Creating and editing datasets

Perhaps the simplest method for creating a data.frame is to use a spreadsheet to create the dataset, then export as either plain text or .csv (comma separated text format). You should not include special characters or embedded blanks in variable names. A plain text file can be imported to R by read.table(); a .csv file can be imported with read.table(...,header=TRUE,sep=",") or by read.csv().

The data.entry function can be used to enter raw data via a primitive spreadsheet interface. I don't like it, but your mileage may vary. In my opinion, it is better to create a file in plain text tabular format which you can then read with the scan() or read.table() functions. Currently the appropriate Mac program is called TextEdit. Make sure that the file format is set to plain text in the preferences menu.

Note: for R on the Macintosh systems in ETC211 you may need to change the working directory before using the export/import functions. Pull down the tools menu, select "change working directory", and select "Desktop". Don't forget to hit the "continue" button to apply the change.

If you have a single variable enter the data with spaces between the values. Be sure that you type a return after the last value entered. You should save the file to the Desktop or to your own space on the home server.

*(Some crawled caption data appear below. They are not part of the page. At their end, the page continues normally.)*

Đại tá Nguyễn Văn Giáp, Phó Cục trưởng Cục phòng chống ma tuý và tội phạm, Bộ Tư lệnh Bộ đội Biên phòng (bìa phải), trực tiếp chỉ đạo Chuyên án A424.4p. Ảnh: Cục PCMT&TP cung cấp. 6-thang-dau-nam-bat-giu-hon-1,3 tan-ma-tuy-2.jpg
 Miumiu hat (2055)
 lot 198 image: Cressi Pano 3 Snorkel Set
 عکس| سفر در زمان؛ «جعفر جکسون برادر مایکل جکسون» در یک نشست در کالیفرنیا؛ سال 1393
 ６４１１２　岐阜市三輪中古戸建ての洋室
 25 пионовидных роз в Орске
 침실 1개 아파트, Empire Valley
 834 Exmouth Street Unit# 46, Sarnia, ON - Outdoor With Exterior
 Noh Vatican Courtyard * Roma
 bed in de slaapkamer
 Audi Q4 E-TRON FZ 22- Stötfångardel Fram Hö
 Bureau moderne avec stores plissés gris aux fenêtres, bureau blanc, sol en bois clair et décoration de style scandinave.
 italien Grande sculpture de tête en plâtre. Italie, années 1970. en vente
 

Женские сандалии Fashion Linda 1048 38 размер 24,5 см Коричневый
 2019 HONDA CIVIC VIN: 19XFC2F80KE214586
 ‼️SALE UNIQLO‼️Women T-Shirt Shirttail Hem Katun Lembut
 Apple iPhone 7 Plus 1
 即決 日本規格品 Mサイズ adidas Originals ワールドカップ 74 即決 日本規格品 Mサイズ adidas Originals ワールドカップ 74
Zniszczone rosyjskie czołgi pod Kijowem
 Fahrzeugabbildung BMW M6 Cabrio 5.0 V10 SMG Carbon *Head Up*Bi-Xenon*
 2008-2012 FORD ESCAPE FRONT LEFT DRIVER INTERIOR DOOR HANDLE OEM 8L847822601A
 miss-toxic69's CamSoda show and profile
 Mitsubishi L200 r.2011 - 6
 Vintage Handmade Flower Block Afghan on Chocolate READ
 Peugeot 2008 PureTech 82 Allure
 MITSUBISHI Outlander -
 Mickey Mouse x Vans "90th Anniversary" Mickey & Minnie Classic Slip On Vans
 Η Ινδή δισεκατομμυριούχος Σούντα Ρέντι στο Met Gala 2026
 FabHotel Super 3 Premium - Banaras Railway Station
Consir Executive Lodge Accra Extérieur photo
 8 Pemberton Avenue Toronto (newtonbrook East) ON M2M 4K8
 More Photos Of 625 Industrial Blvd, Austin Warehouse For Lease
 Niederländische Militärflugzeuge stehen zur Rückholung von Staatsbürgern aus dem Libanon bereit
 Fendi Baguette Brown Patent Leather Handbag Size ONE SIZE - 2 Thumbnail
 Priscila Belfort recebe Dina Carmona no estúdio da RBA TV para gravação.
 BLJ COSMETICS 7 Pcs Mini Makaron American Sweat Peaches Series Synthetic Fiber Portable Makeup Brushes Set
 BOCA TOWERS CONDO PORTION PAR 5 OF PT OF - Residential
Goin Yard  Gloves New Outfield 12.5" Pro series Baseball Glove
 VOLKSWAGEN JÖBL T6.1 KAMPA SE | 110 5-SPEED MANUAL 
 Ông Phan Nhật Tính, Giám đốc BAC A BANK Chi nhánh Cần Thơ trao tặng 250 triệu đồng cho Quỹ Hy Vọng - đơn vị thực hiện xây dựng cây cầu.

You can then load the data into R using the scan() function:

   x <- scan("junk.dat")

If you have a several variables, enter the data in columns with spaces between the values. Put the names of the variables at the top of each column. Remember that variable names should not have embedded spaces or special characters. Be sure that you enter a return after the last line of data. You can then load the data into R using the read.table() function:

   Junk <- read.table("junk.dat",header=T)
If you have a categorical variable, it is simplest to use labels for the categories that don't have imbedded spaces or other special characters. You can put double quotes around values if necessary. Use NA for any missing values.


The data.entry() function invokes a spreadsheet interface for manual data entry. It needs to know the names of the variables and the data types. The simplest way to use data.entry is as follows:
x = numeric(100)   # create a numeric variable of length 100
y = numeric(100)   # another numeric variable
a = character(100) # create a character variable
data.entry(x,y,a)
Navigate in the spreadsheet using the mouse. When you quit the spreadsheet, the values are saved in the named variables. You can then collect them in a data.frame if desired.


The edit() function allows you to edit files that already exist. It invokes a simple text editor. When you close the window, be sure to select the "save" option.